John McCain Claims to have developed the policy creating Wi-Fi and mobile phone
Thursday, September 18th, 2008It is not often that my work squarely lines up with Presidential politics; however, it seems that work I am currently doing relates to statements made by Sen. John McCain on the campaign trail. I am en route to the 19th European Regional International Telecommunications Society Conference in Rome. Of the two papers I am scheduled to present, one is a paper chronicling the history of the US FCC’s Part 15 rules. These are the set of rules which enable devices such as Wi-Fi in the United States. Based on my research for this paper, Sen. McCain’s recent statements from the campaign trail are demonstrably false.
In a written response to Science Debates 2008’s questionnaire for the two major party’s Presidential candidates, the McCain campaign stated:
I am the former chairman of the Senate Committee on Commerce, Science and Transportation. The Committee plays a major role in the development of technology policy, specifically any legislation affecting communications services, the Internet, cable television and other technologies. Under my guiding hand, Congress developed a wireless spectrum policy that spurred the rapid rise of mobile phones and Wi-Fi technology that enables Americans to surf the web while sitting at a coffee shop, airport lounge, or public park.
While the first two sentences are factually correct, the assertion that Sen. McCain’s “guiding hand” led to these policies is false. The policies which led to the creation of Wi-Fi (the IEEE’s 802.11 suite of standards) were a set of rules originally crafted in a 1985 FCC Report and Order. This rulemaking permitted low power, unlicensed use of spread spectrum radios in the 2.4 GHz band in which the standards 802.11 b & g currently operate. (The 5.8 GHz band, which 802.11a uses, was opened by the Commission in a 1996 proceeding). The first commercial spread spectrum product was a radio LAN which was introduced by Telesystems in 1988. The IEEE did not ratify the first 802.11 standard until 1999.
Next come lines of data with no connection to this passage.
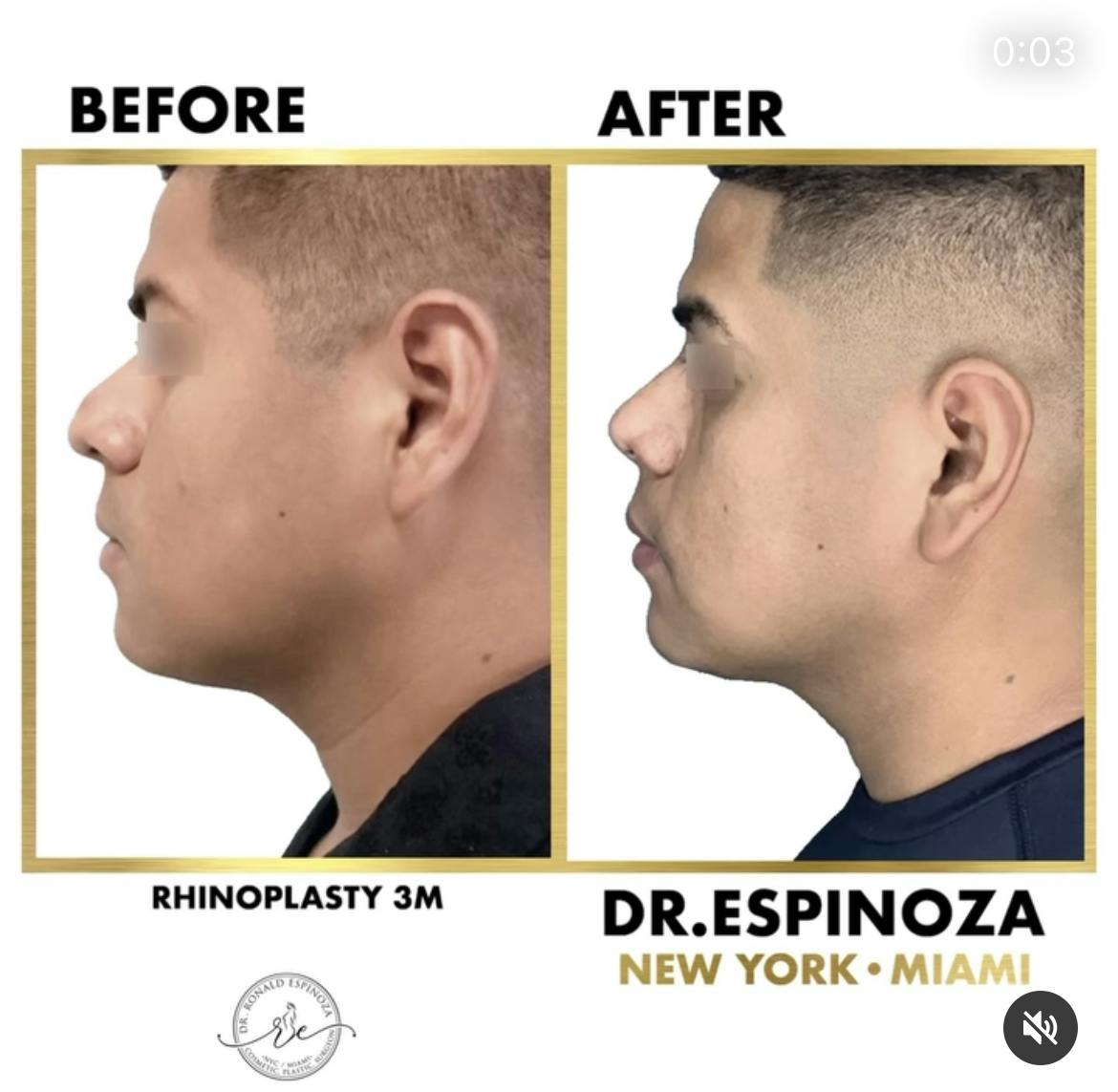 Rhinoplasty Before & After Gallery - Patient 102906347 - Image 1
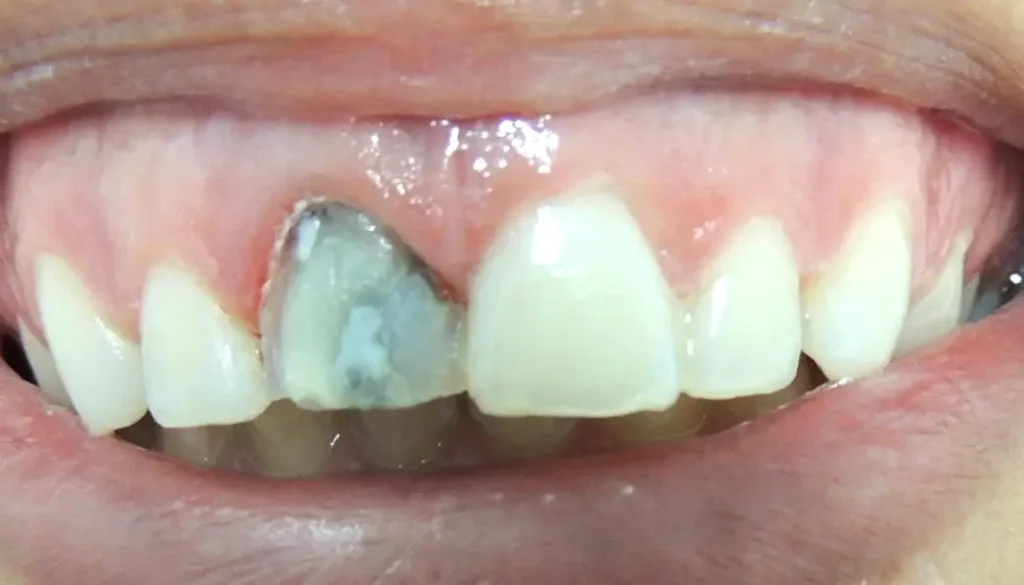 Dentes escurecendo com o tempo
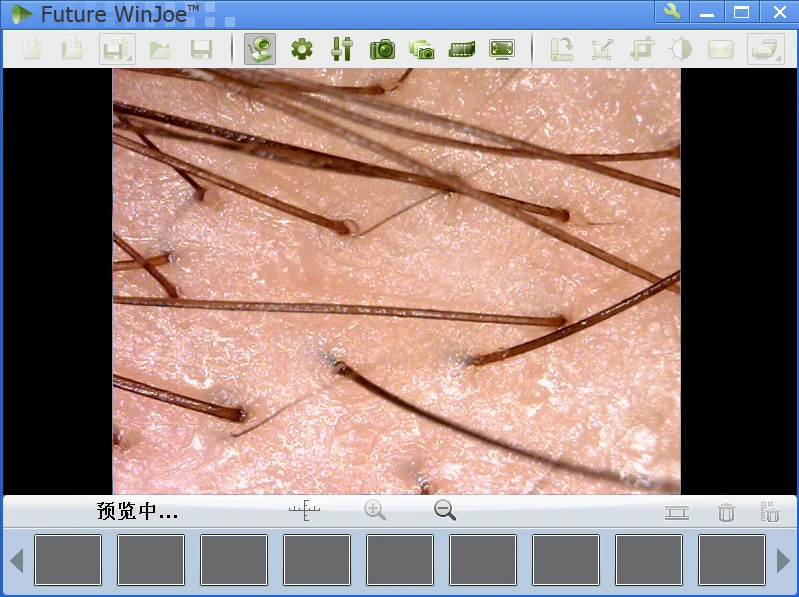 Patent portable USB digital skin microscope for skin analyze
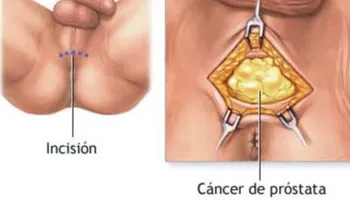 Cloruro de magnesio alarga la juventud, previene y cura la próstata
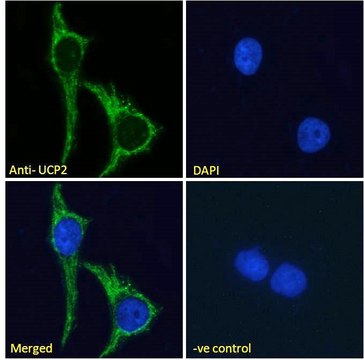 Anti-Uncoupling Protein 2/UCP2 antibody produced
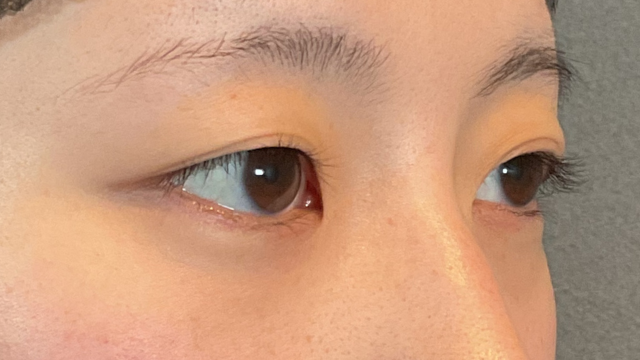 Preoperative Condition Part 1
While it is true that the FCC is an independent regulator with delegated rulemaking authority from Congress, it is completely specious for Sen. McCain to claim credit for these rulemakings. At the time of the 1985 rulemaking Sen. McCain was not Chairman of the Senate Committee on Commerce, Science and Transportation. Indeed, in 1985, Sen. McCain was serving in the House of Representatives. Further, the 1985 Order was based on a 1979 consultant’s report commissioned by the FCC. MITRE, the firm which drafted the report, recommended permitting the technologies which Wi-Fi uses in certain spectrum bands (the ISM band). This was certainly not Sen. McCain’s idea, but Wallace C. Scales, the report’s author.
Similarly, Sen. McCain’s the claim that he guided the Congressional policy making which lead to the widespread adoption of cell phones is equally bogus. The original cellular telephony spectrum licenses were allocated and assigned by the FCC in the early 1980s. However, the true stimulus which, “spurred the rapid rise of mobile phones,” was the 1993 Omnibus Spending Act. This law granted to the FCC the power to assign spectrum licenses by “comparative bidding” - auctions. Through these first auctions the FCC allocated and assigned Personal Communications Services (PCS). These licenses were designed to compete with the pre-existing cellular licenses and let to the fantastic success of mobile communications. While this law was in fact drafted by Congress, it was done so by a Democratically controlled one. Thus, in 1993 (and 1985) Sen. McCain was not the head of any Senate Committee. (Just as a historical footnote, Sen. McCain was the only Republican in both the Senate and the House to vote against the 1996 Telecommunications Act).
Insight: Most candidates stretch the truth, embellishing their records or being one of the many fathers to success. However, the absence of penalties for a candidate’s false statements distorts the electoral process - even those little tiny deceptions which go unnoticed by except by the wonkiest of policy wonks, like me. The highest office comes with it the fiduciary duty. Thus, we must hold candidates, “not to mere honesty alone, but a punctilio the honor most sensitive,” as Justice Cardozo admonishes us. Allowing our candidates even the most minor of misstatements and misrepresentations creates a giant incentive for politicians to try to con us. This leads to the “adverse election” of unqualified candidates who, once in office, establish bad policies. We deserve better from our political process and should hold our candidates for elected office to the highest standards of “truthiness”.